Information START

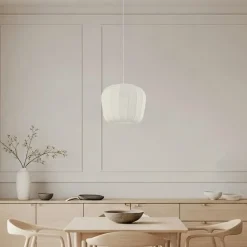 Lindby hængelampe Helin, hvid, Ø 35 cm, stof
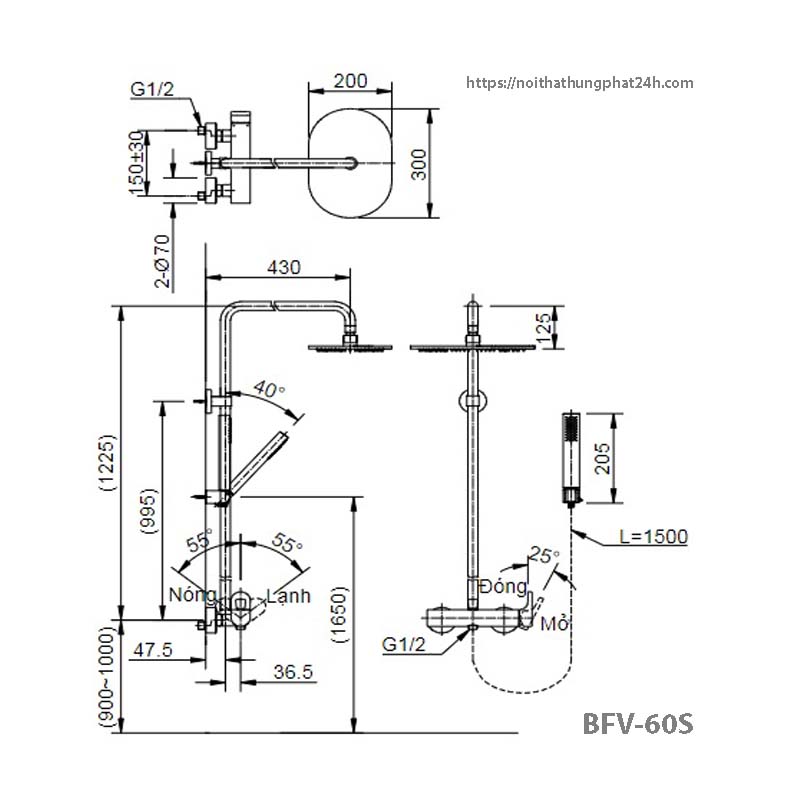 Bản vẽ kỹ thuật cây sen tắm nóng lạnh Inax BFV-60S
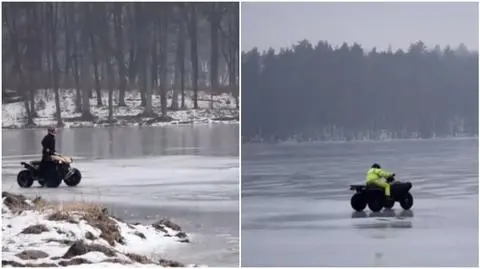 Lekkomyślni kierowcy quadów na zamarzniętym jeziorze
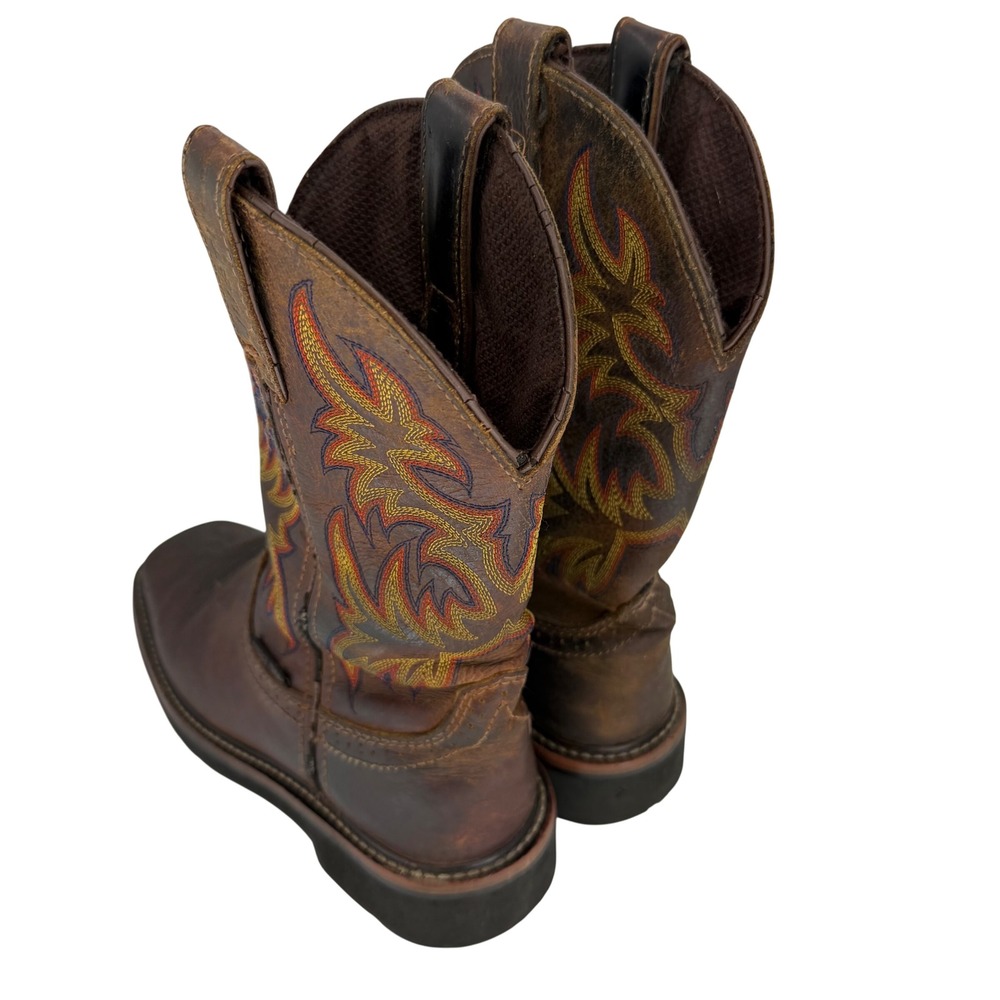 Justin Steel Toe Western Ranch Cowgirl Work Boots Brown Leather Womens 6B - Picture 11 of 13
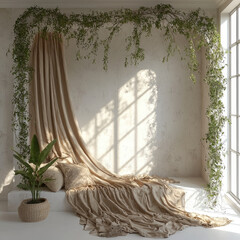 Poster - serene interior scene featuring soft beige drapery and lush greenery, creating calming atmosphere. sunlight filters through large windows, casting gentle shadows on textured wall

Information END

What the task asks - All lines from the beginning of the entries above to the line containing "Justin Steel Toe", inclusive, should be printed exactly, apart from the pictures.

Solution to the exercise -
 Lindby hængelampe Helin, hvid, Ø 35 cm, stof
 Bản vẽ kỹ thuật cây sen tắm nóng lạnh Inax BFV-60S
 Lekkomyślni kierowcy quadów na zamarzniętym jeziorze
 Justin Steel Toe Western Ranch Cowgirl Work Boots Brown Leather Womens 6B - Picture 11 of 13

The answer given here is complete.